** Raw data follows **

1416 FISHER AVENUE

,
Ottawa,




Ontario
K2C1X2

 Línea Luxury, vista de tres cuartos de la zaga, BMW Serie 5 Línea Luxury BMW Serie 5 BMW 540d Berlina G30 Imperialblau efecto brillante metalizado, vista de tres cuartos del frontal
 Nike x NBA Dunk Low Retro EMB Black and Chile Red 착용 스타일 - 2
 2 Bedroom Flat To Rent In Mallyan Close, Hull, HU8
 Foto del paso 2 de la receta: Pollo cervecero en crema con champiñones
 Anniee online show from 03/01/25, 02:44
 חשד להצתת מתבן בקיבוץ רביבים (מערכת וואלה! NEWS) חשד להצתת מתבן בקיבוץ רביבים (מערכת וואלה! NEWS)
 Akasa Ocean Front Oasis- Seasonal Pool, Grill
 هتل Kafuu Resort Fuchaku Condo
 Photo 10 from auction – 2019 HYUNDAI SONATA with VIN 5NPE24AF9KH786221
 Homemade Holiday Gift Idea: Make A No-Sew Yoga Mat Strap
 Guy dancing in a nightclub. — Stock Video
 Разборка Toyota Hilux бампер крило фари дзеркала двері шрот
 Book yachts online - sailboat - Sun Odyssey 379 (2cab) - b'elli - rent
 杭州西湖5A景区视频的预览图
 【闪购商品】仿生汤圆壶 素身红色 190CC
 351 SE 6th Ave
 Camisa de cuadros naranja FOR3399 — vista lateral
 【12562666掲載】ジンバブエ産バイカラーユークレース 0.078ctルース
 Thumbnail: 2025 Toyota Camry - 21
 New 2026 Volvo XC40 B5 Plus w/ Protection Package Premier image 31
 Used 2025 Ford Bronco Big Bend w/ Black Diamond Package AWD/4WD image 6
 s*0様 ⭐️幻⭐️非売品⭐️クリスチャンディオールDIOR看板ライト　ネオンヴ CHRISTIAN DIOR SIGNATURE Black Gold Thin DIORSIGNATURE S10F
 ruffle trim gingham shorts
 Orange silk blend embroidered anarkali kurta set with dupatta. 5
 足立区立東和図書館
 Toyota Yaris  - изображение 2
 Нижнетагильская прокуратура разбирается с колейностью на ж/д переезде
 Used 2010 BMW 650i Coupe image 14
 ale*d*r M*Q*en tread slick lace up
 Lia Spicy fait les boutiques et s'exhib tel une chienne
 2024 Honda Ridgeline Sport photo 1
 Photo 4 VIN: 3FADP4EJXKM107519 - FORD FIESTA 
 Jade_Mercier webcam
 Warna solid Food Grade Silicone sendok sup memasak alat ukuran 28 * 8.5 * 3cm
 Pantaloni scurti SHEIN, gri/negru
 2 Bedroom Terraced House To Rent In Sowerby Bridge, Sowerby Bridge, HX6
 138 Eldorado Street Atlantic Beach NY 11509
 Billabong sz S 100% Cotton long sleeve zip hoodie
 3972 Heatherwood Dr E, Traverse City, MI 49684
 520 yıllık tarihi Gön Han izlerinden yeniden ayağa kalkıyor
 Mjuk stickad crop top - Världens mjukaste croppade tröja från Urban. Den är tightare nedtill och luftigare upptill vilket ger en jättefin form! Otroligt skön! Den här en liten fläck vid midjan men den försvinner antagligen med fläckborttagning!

** End of Raw data **

» Work order
Check each line of the data for "Bedroom". Copy the lines where it turns up.

» Result of this task
 2 Bedroom Flat To Rent In Mallyan Close, Hull, HU8
 2 Bedroom Terraced House To Rent In Sowerby Bridge, Sowerby Bridge, HX6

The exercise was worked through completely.